Cliff: Hey, Axl, is your section braced?
Axl: Uh, yeah. I think I know what I'm doing. I've taken shop three times. I've built five partially functioning bird houses. Never heard any of the birds complaining.

Quote from Sue

Sue: Isn't this place amazing? Passports, marriage licenses, jury duty... it's like all of life in one building. You can do anything here.
Mike: Except sit down. Or park for free.
Sue: It's so cool.
Frankie: [v.o.] And it was cool... all day long. They went upstairs when they were at the wrong window, they went downstairs when they had the wrong form. And they went home when Sue forgot her birth certificate. Yep, it was definitely cool.

Quote from Brick

Brick: [whispers] I want you to help me, not Aunt Janet.
Frankie: [lowered voice] Oh, cry me a river. I'm going on 40 years of this crap.
Brick: [whispers] But she's so bossy. [loud voice] Bossy.
Frankie: Shh!

Quote from Sue

Sue: [to a man in the line] I'm changing my name. Yeah. I'm gonna be Sue Lily. "Sue" means "Lily" in French.
Woman: Next?
Sue: Wait a second. If "Sue" means "Lily," then "Sue Lily" is the same as "Sue Sue." Oh, no. No, no, no, no, no, no.
I-I need to change it. I-I need a pen. Where's the form? We need to go to the back of the line.
Mike: Not a chance. We're next. You take one step out of this line, and I'm changing my name and vanishing without a trace.
Sue: Okay. Okay. Yeah, uh, I can do this. Uh... Sue... Betsy. Sue... Mackenzie. Sue... Bench. Sue... Probation.
Woman: Next.
Sue: [high-pitched voice] Sue Next!
Woman: Let's see. Okay. You're changing your name from Sue Sue Heck. Sue Sue? [Sue nods] Wow, that's different.
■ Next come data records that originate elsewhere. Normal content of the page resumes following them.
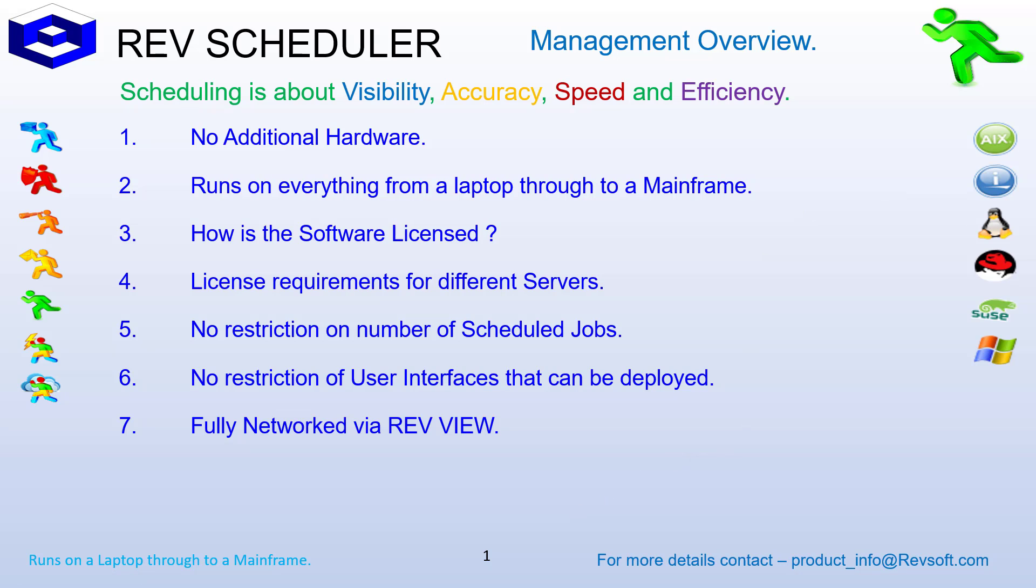If you would like information about RevScheduler, please feel free to email us at product_info@RevSoft.com or visit RevSoft.com and see the RevSoft contact closest to you. We love chatting with people as all our enhancements come from our customers and prospects, and we listen to them all. Thank you very much for your time.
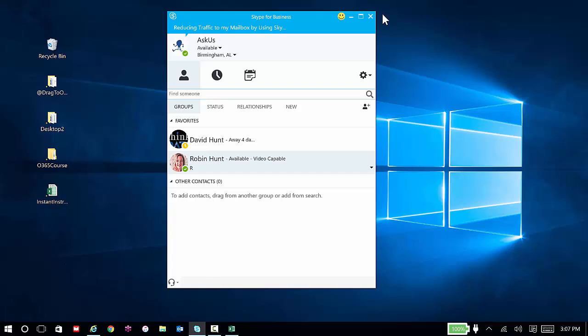It's probably a good time to expand your idea of what meetings actually are. With Skype for Business, again, they can virtually happen anywhere.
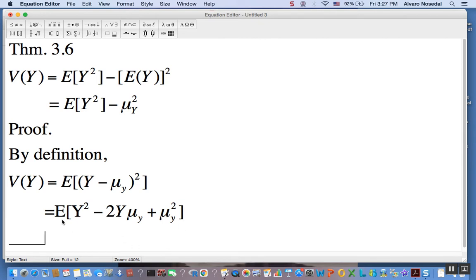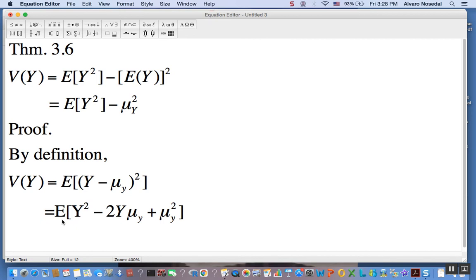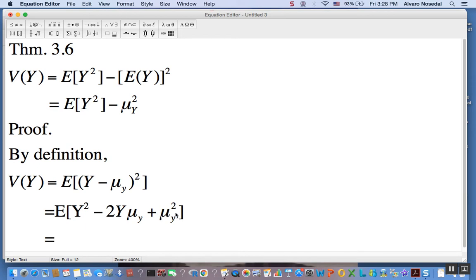In another video we talked about three useful results. We said that in the future we may encounter more complicated transformations and those results could be useful to find expected values of those more complicated transformations. One of those results said, in plain English: if you want the expected value of a sum, that is the same as the sum of expected values.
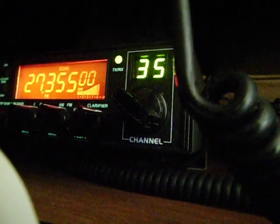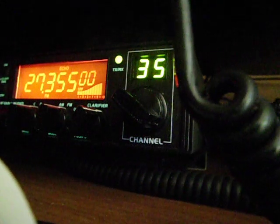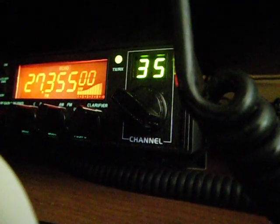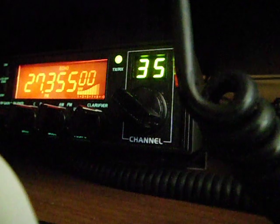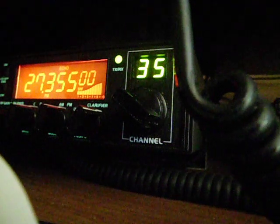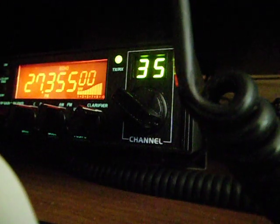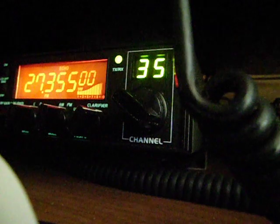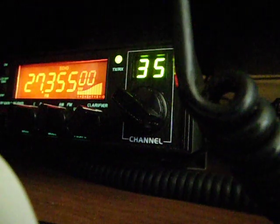Yes, you have a super, super signal, 9 plus 20 in the moment. Yeah, I think the propagation is very fine this evening. Here in my QTH is in the moment sunshine, I think 16 degrees and blue sky.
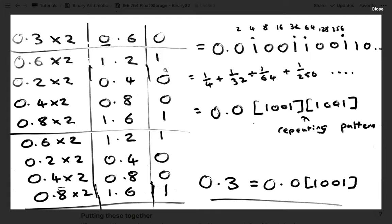Continuing this process, we see a recurring pattern: 1001 1001 1001 and so on. You stop when you either get a 0 to the right of the decimal point or you get a recurring pattern like this. So 0.3 in binary is 0.01001 1001 1001..., where 1001 is the recurring part. It's impossible to represent 0.3 exactly in binary — the longer the number, the closer it gets to 0.3.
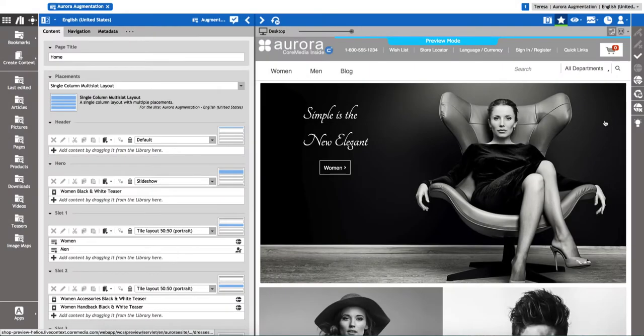Modifying content is super easy with Chrome Media Studio. Leveraging the built-in real-time preview, there is no need to learn how the page has been assembled, neither do you have to memorize where your content items have been stored.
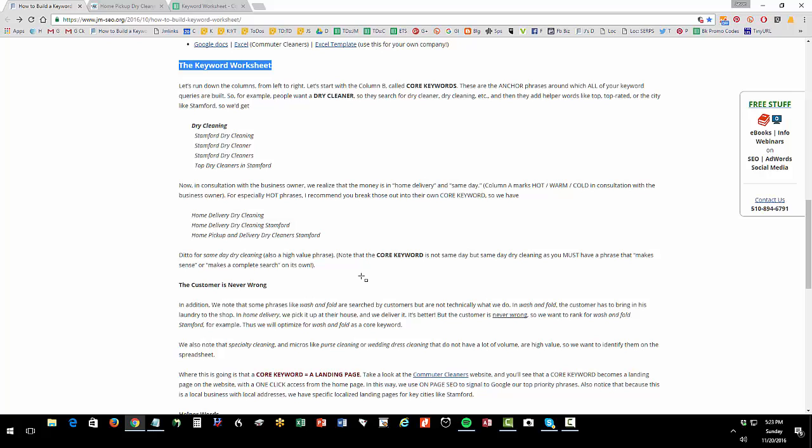Now let's look at the keyword worksheet. What you want to realize is that your keywords are going to cluster into these fundamental core keyword phrases. So dry cleaning is a phrase, or wash and fold is a phrase, and they might add helpers so they might say Stanford dry cleaning or best dry cleaning in Stanford or home pickup and delivery dry cleaning. Think of those core keywords as the anchor phrases that really get to what you offer and what people want.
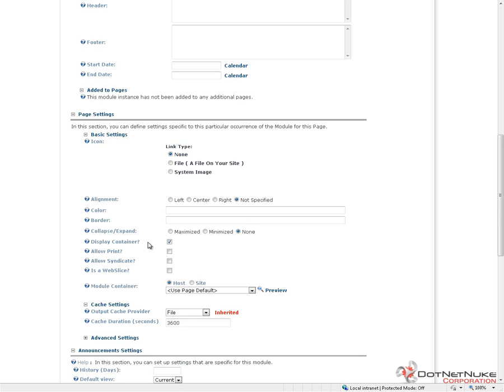The next option is display container. A container will wrap a module with a title and either a div tag or some other element in HTML that wraps around the module and its content. You'll often use that for styling purposes. A lot of times, you'll want to turn off a container. So, you can uncheck that box. That will make it so that the container does not display when you're in view mode.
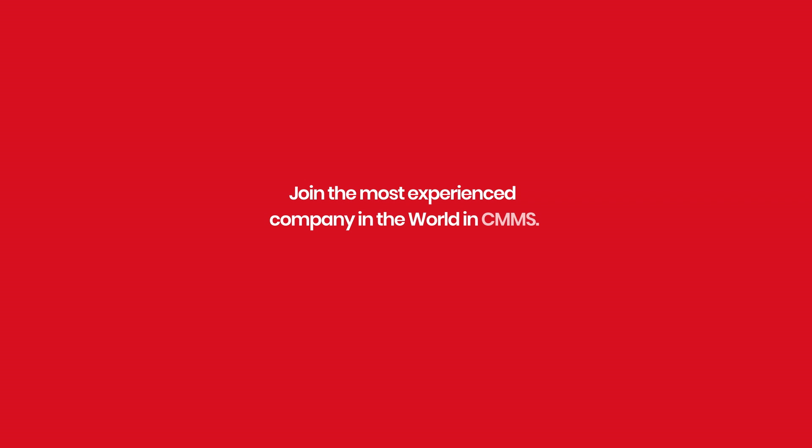Join the most experienced company in the world in CMMS. Start using ManWinWin today.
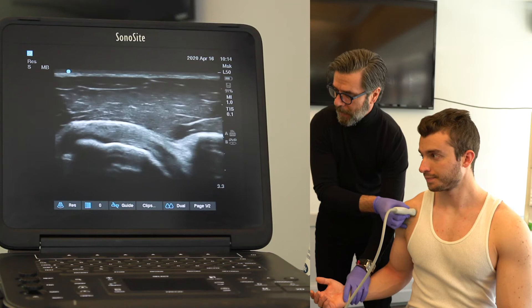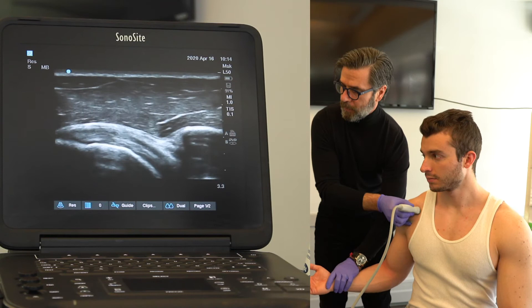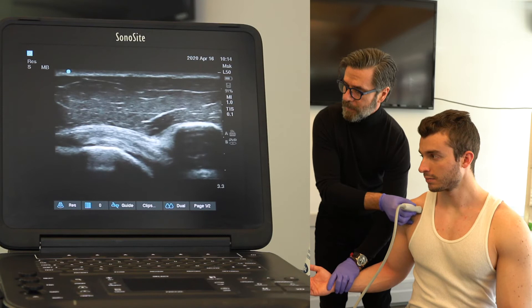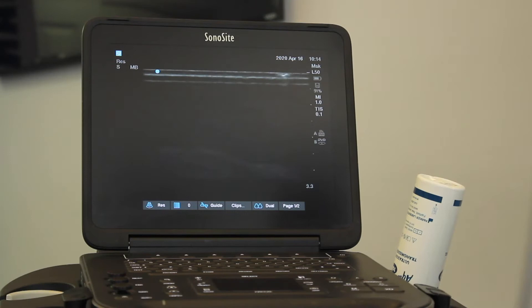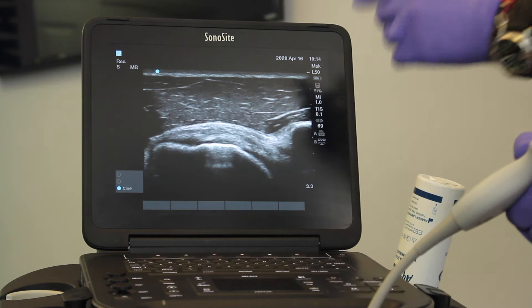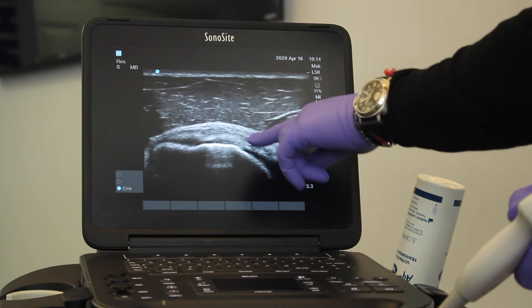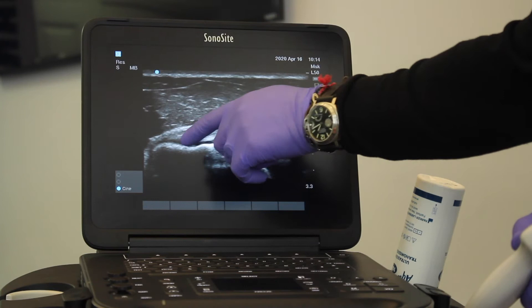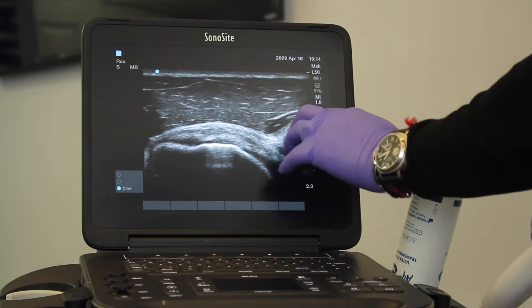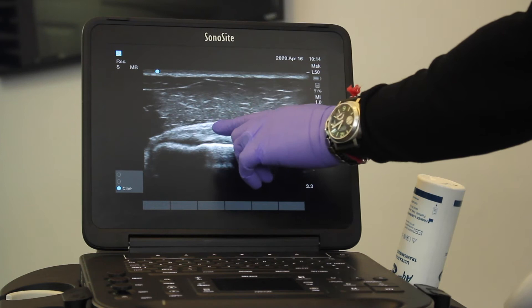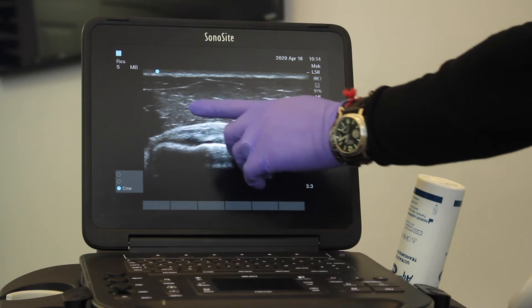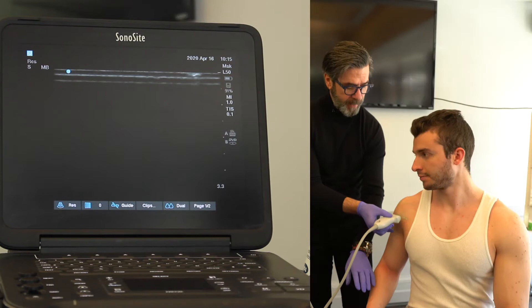For the subscapularis, I'm going to first scan in short axis and rotate the arm in external and internal rotation while watching the tendon. Scanning the subscapularis requires external rotation. You can see this very healthy subscapularis tendon — you can see how it grabs the bone at the attachment, and here is the coracoid process. I'm looking purely at the quality of the tendon, and this is a very healthy tendon with no problems.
You know, I've been doing this job for 40 years, and I gotta tell you I've never seen a name as unusual as Sue Sue.
Sue: Really? Wait!
[As the woman goes to stamp the form, Sue places her hand down and ends up with an "Approved" stamp on the back of her hand]

Quote from Mike

Mike: Tough day at the do-whatever-you-want plant?
Axl: I don't wanna talk about it.
Mike: Okay, thanks.

Quote from Frankie

Frankie: [v.o.] Finals. The time when students all over put aside distractions and focus their full attention on their studies... unless they're a mom.
Frankie: [hairdryer whirs] Brick, get a napkin.
Brick: Oh, that's okay. I don't need one.
Frankie: Well, you're-- you're dripping all over my book. Here. Give me that.

Quote from Frankie

Mike: Frankie, where are my keys?
Frankie: How am I supposed to know where your keys are?
Sue: Mom, you have to find dad's keys. I have my driver's license test today, and I cannot handle any extra stress.
Frankie: [snaps fingers] Hey, get- Get out of there. They're not in my purse.
Mike: Well, you're always taking 'em.
Frankie: I didn't take your stupid... [keys jangle] Seriously, people, I have to study. Out, out, out, out.

Quote from Axl

Frankie: [v.o.] It's amazing how your kid can be completely unhelpful and horrible to you, but he goes over to someone else's house, and...
Axl: Hey, Mrs. Finch, let me do that for you.
Mrs. Finch: Oh, thanks, Axl, you're so thoughtful.
Axl: Oh, I just don't like sittin' around. When I'm home, I have to be helping. So, um, where was I? Oh, yeah. So I'm running down the hall... totally late for class. Well, of course, my shoe comes off, but that's the problem with velcro, right? Anyway, I'm just about to my classroom, but here comes Mr. Farrar with the tardy sweeps, so I reach into my pocket for my hall pass, but all I find is a giant hole.
Mr. Finch: Came up empty, did you?
Axl: Yeah. So at this point, I figure I got three options: take detention, duck into the girls' bathroom, or make a run for it.

Quote from Axl

Cliff: Uh, so listen, I, uh, I really just dropped by to return this to you, Kevin.
Mr. Finch: Oh.
Cliff: I found it really fascinating.
Mr. Finch: Yeah, well, I thought you might.
Cliff: It turns out the author is actually a Professor at Northwestern.
Cassidy: You know, Axl was in the middle of a really interesting story.
Mr. Finch: Oh, yeah. How did that, uh, turn out?
Axl: Oh. [clears throat] Well, turns out my hall pass had fallen down my pant leg into my shoe. So I got out of detention seven minutes early. Mm-hmm. Practically unheard of. [chuckles]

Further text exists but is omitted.